To go to larger problems sizes, you will need to rewrite your program. This isn't a Fortran problem, it is a memory usage problem. With a dense matrix problem, memory is going to scale with N^2. So, when you double the number of unknowns, you quadruple the amount of memory. The way the program is written, every process needs to have enough memory to store the whole array. You are going to have to change the way the program works so that each process stores only part of the array. ScaLAPACK has routines that do the sort of things you need.See ScaLAPACK block cyclic distribution. It looks hard at first, but once you understand it, it is straight-forward.
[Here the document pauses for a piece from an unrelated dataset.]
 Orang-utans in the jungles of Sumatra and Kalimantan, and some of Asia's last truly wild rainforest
For very large problems, Netlib has an out-of-core version of ScaLAPACK, but with model computers and dense matrices, you are probably going to hit time limitation before OOC ScaLAPACK is needed.
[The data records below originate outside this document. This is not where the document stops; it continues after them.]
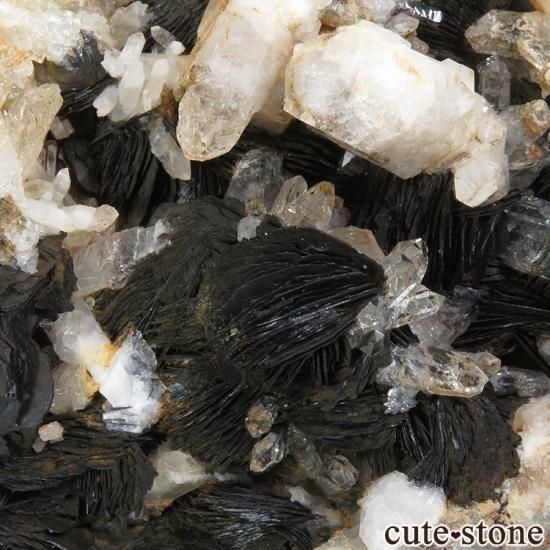  ʻ إޥȡĤդ뾽ʸ) 1660gμ̿3 cute stone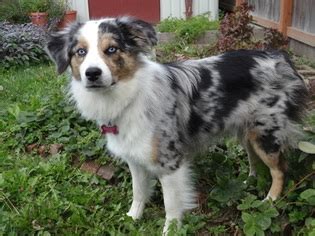 All of our puppies are very socialized. View Ad: Border-Aussie Puppy for Sale near Washington ...
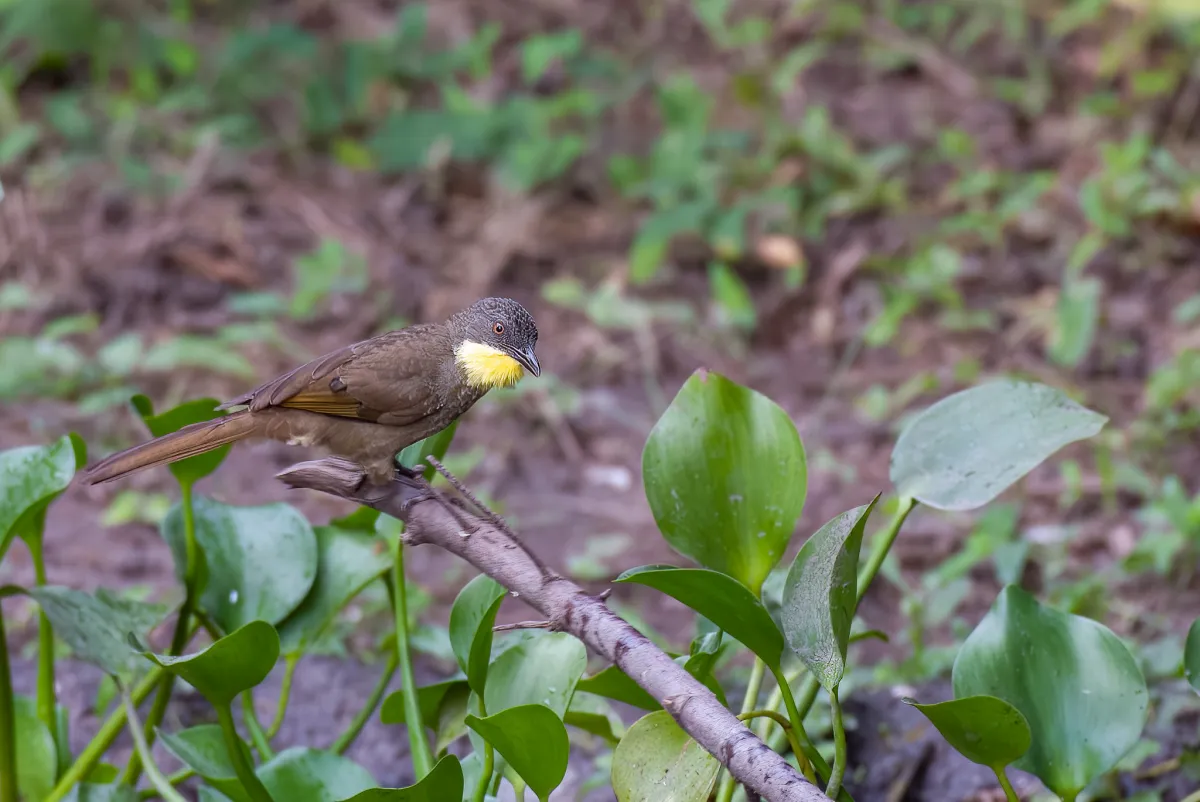 Yellow-Throated Leaflove 2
Also, skimming your program, I don't see where the different MPI processes are assigned to do different work. OMP won't work across different nodes or different MPI processes (unless some big improvements have been made recently. :-)) So, (I could be wrong) it looks to me like each node is doing the same work.
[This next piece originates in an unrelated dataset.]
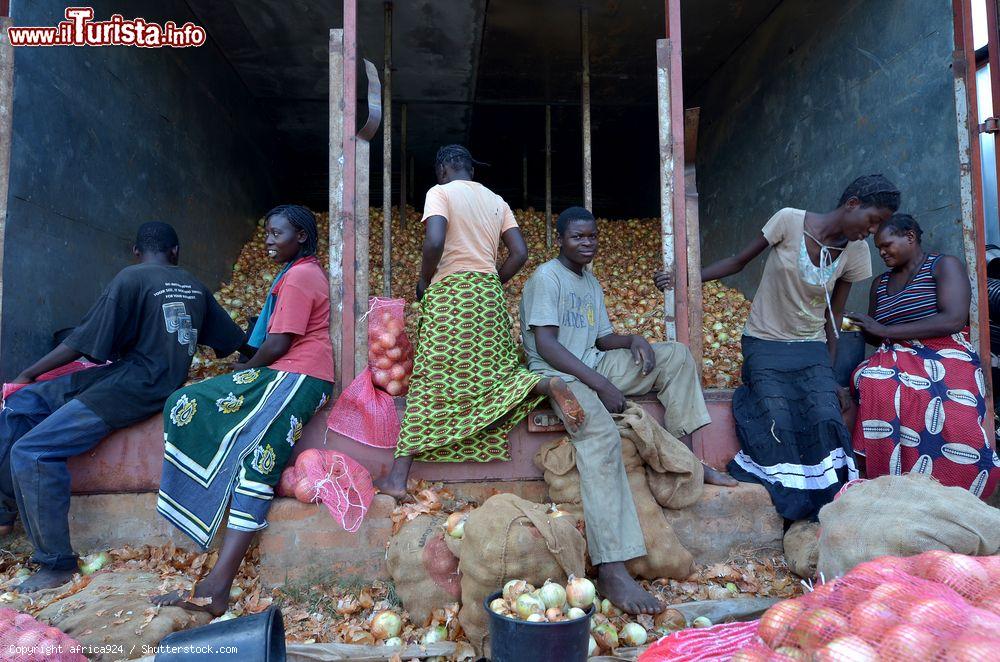 Immagine Agricoltori di Lusaka selezionano cipolle per la distribuzione in Zambia e Malawi - © africa924 / Shutterstock.com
jimdempseyatthecove · ‎10-18-2017

Make the arrays allocatable. Leave the private arrays unallocated prior to the parallel region. Use FIRSTPRIVATE on the unallocated arrays, allocate inside of the parallel region (deallocate when you are about to exit the parallel region).

The compiler may also be generating temporary copies when you use implicit array operations. When this happens, the temporary copy can be eliminated with the use of explicit DO loops.

Jim Dempsey

Amruth_A_ · ‎10-19-2017

Laura, Yeah I did the calculation and I too don't know why 96 GB is being used when I check...Well, as to the more than one MPI process per node, I've checked, because I run the program with

export OMP_STACKSIZE=15g
export OMP_NUM_THREADS=${NTHREADS} 
export I_MPI_PIN_DOMAIN=omp
mpirun -ppn 1 -machinefile ${MACHFILE} -np 4 ${PBS_O_WORKDIR}/a.out >> ${OUTFILE}

So each node should be getting only 1 process...About rewriting the program, thanks for the suggestions will definitely check out ScaLAPACK. And finally about the MPI processes doing different work, if I understand correctly, the MPI_Scatter distributes chunks of the array zeta_list to each process, and then the OMP gets to work on the loop for each of these chunks. So isn't each MPI process only doing work on the chunk of the array rather than the whole array? So each node would contain different pieces of work right? Either way, I still can't figure out why so much memory is being used.....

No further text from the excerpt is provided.